2.2. Memorias soñadas.

Aunque fuese imposible dejar la historia exenta de contaminaciones legendarias, nuestro conocimiento acerca de lo que hemos venido a ser no podría prescindir de la leyenda. La historia, la de los grandes asuntos (...) pero también la de los lugares pequeños y los sucesos menudos es la memoria desde la vigilia y la razón, pero la leyenda es la memoria desde la intuición y el sueño, una memoria soñada en la que se conservan sombras y signos sin los que ni la gran historia ni la pequeña, se podrían entender del todo. 

José María Merino, Leyendas españolas de todos los tiempos.

Actividad de lectura: "Leyenda de la cueva de la mora"


Cuentan que una vez, en cierto lugar de Castilla, en la época de la Reconquista, existió una ostentosa vivienda de un árabe famoso por sus riquezas y también por tener una hija de gran belleza a quien ninguno de sus pretendientes había logrado conquistar.

Un día llegó hasta allí un caballero cristiano que se enamoró perdidamente de la joven doncella y fue correspondido por ella con la misma pasión. Secretamente se veían todos los días y se prometían amor eterno, pero aquella situación se fue haciendo cada vez más difícil para la joven mora por las diferencias de raza y religión que les separaban. La familia de ella estaba en contra por el odio entre árabes y cristianos durante las guerras de Castilla. Por tal motivo, prohibieron a la joven que continuase sus relaciones con el caballero castellano. El padre encerró a su hija en su propia casa, de la que no podía salir nunca ni ver a nadie. El enamorado caballero, desesperado de amor, marchó a la guerra y abandonó aquel lugar. 

En vano esperó la muchacha su regreso. Nunca pudo saber si la desesperación había empujado al joven amante a la muerte en la guerra o si, tal vez, la había olvidado por otra mujer. Pero ella se mantuvo firme en sus sentimientos y, año tras año, esperó su regreso. Sus padres intentaron casarla varias veces con jóvenes de su misma religión pero ella los rechazaba en contra de la voluntad familiar. Un día su padre, cansado de tantas afrentas, decidió castigarla y ordenó que la encerraran en una cueva de aquellos parajes, creyendo que así vencería su obstinación. Pero todo era inútil, la joven recibía su castigo con humildad y resignación. Así, se dejó encerrar y siguió llorando la pérdida de su amado con la esperanza siempre viva de su regreso.

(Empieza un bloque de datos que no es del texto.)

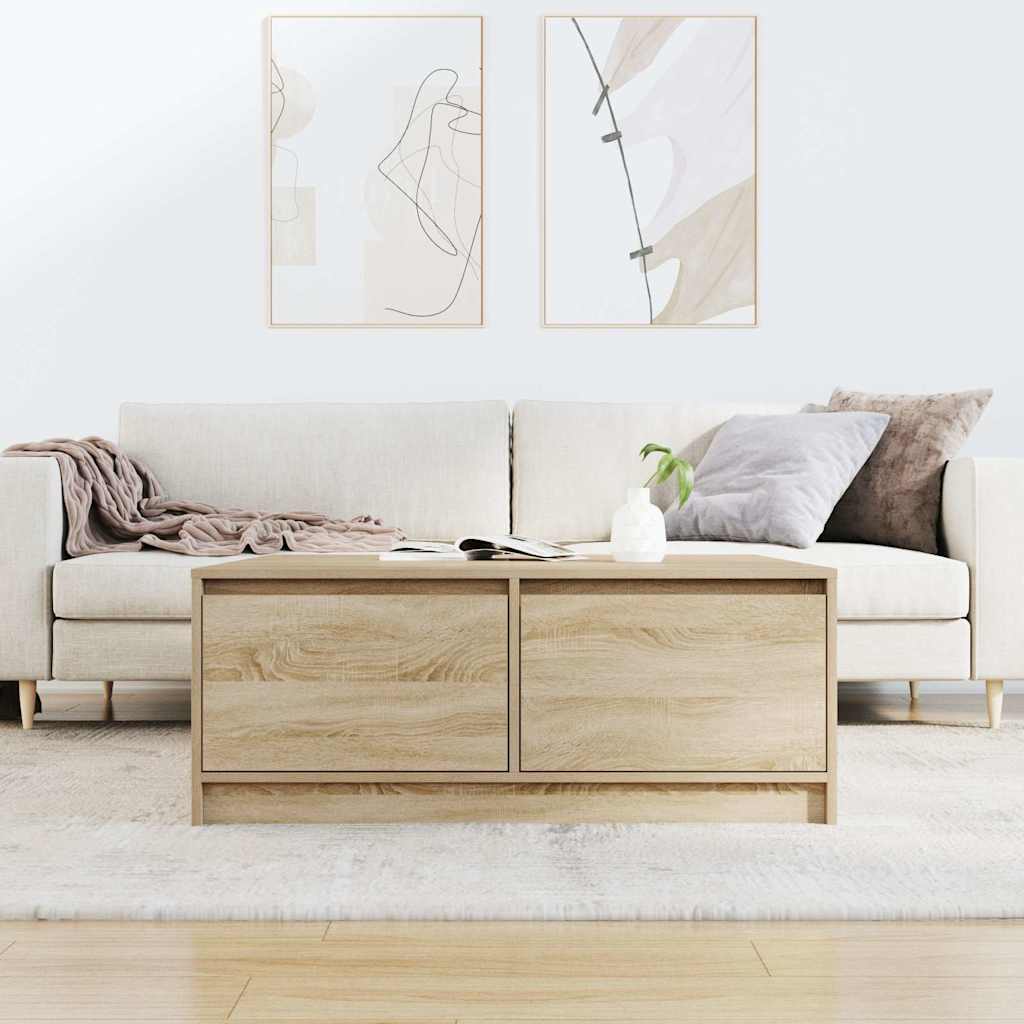 vidaXL Stolik kawowy z szufladami Sonoma Oak 100x100x40 cm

Dice la leyenda que allí pasó varios años y que por fin murió de pena. Desde entonces, la gruta se conoce con el nombre de "Cueva de la Mora".

Cuentan también que su alma, siempre esperanzada, vaga todavía por allí, aguardando la vuelta del caballero cristiano y que todos los años, en el mismo día de su partida, el espíritu de la joven se libera por unas horas de su cautiverio y sube hasta la colina cercana para otear el horizonte por donde espera ver regresar a su amado. Algunos afirman que una figura muy blanca y muy fina se deja ver en las noches oscuras, otros dicen que es simplemente, un rayo de luna.

 

Tras la leer la leyenda, ensaya un poco y graba tu lectura en un programa de edición de audio (por ej. "Audacity") y súbela a tu blog de aula.